Context means everything in a world full of syntax.
So my thought, in turn, finally arrived at the part of the brain that processes logic (the prefrontal cortex? I don’t know, I’m not a neurologist). I had to evaluate Kaepernick’s intentions. Once this had been done, my uneasiness seemed to drift off.
His actions are freedom in its purest form. He is just as American as any six foot six, gnarly bearded, Seal Team Six, Osama-head-exploding soldier.
Alliteration aside, without military servicemembers, America is at the mercy of global geopolitical winds. Sure, we can all disagree on the circumstances in which the military has been employed, but have you ever felt threatened, just for one moment, by an explicit foreign threat? Yeah, me neither. No one should take that for granted, just ask Poland.
But without America, the military servicemember is at the mercy of nihilism. If there is no expression of freedom, there is no cause. The whole institution becomes meaningless.
Men and women in uniform don’t die for a piece of red, white, and blue stitched cloth, probably made in China of all places. They don’t die for the coolest tune written on a boat, crescendoed with a round of fireworks and a badass display of military might flying overhead. They die for what the flag represents. They die for the ideas located in the Constitution.
It doesn’t take long to find the idea for a right to protest.
I say this all because I get the feeling that it is those who are the greatest supporter of military institutions that seem to be so upset by Kaepernick’s kneeling. What I’m simply stating, as one of those people, is that it is those very same people who should be most supportive of him.

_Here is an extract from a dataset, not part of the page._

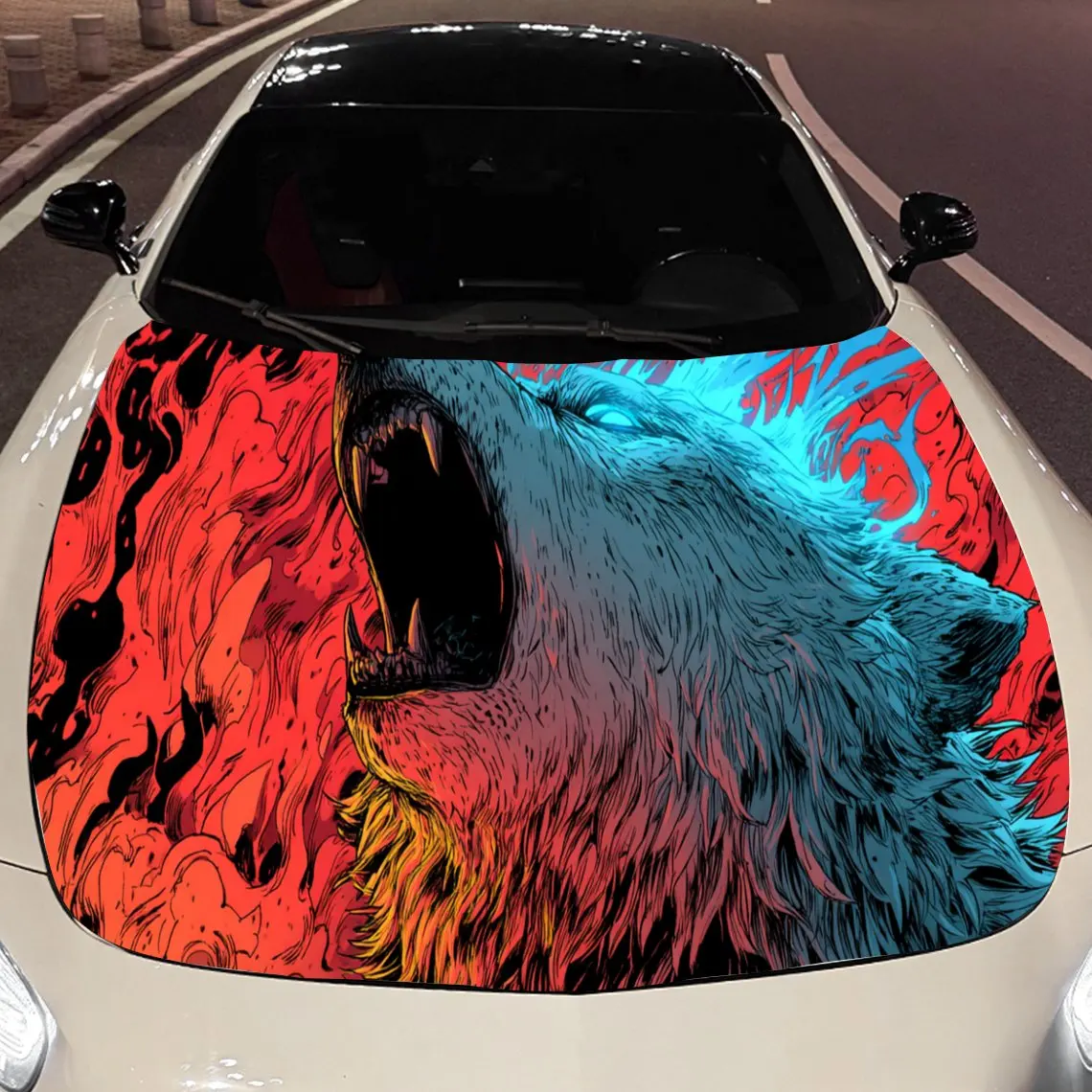 Cool Flame Wolf print,car hood stickers,PVC waterproof Self adhesive car hood sticker,car hood decoration protection stickers,Au
Cool Flame Wolf print,car hood stickers,PVC waterproof Self adhesive car hood sticker,car hood decoration protection stickers,Au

Expression of freedom gives rise to the cause. It is the banner by which we fight for. Sometimes I wish North Korea would pop off, so we could obliterate Kim Jong Un’s fat little face. (He just has one of those smug faces that pisses you off). Those people have no freedom. They can’t kneel in protest. Taking a knee means their whole family loses their ability to stand at all. I digress…

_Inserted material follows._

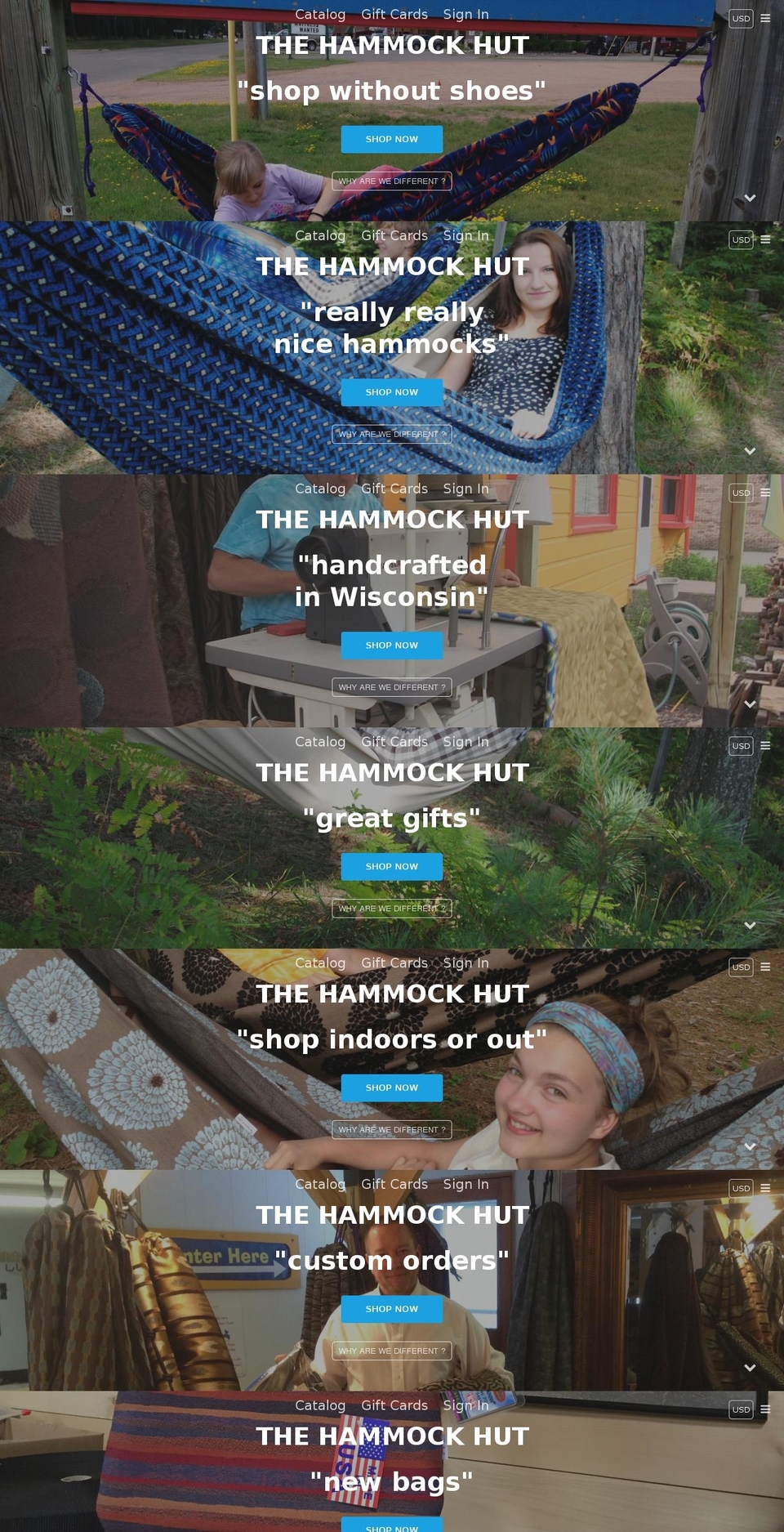hammockhut.com shopify website screenshot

Every moment a freedom is expressed, whether we agree with it or not, is a moment that honors those who died for such liberty. This is the simplest truth I can put forward.
As such, I salute you, Colin Kaepernick. You’re not out rioting in the streets. You’re not out torching the stores of hard-working individuals. You are directing debate in a concise and non-violent manner. That is commendable any day of the week.
Now I’m not saying everyone has to agree with the man. Hell, I probably disagree with him on the causes of impartial police brutality. I don’t really think racism is at play here. The problem, I can say with a fair amount of certainty, is the unintended consequences of the drug war, among other bad policies.
That is a discussion for a different day. The moral aptitude and freedom of Kaepernick to express his own opinion in an honorable way should stand regardless.
If you find yourself quite annoyed by his actions, here’s a bit of military advice, always so gracefully expressed, that I learned during my time in the service, “Man the fuck up, drink water, and drive on.”
Give some thought to it. Your thought will arrive at that logical part of the brain soon enough — I swear it’s the prefrontal cortex damnit.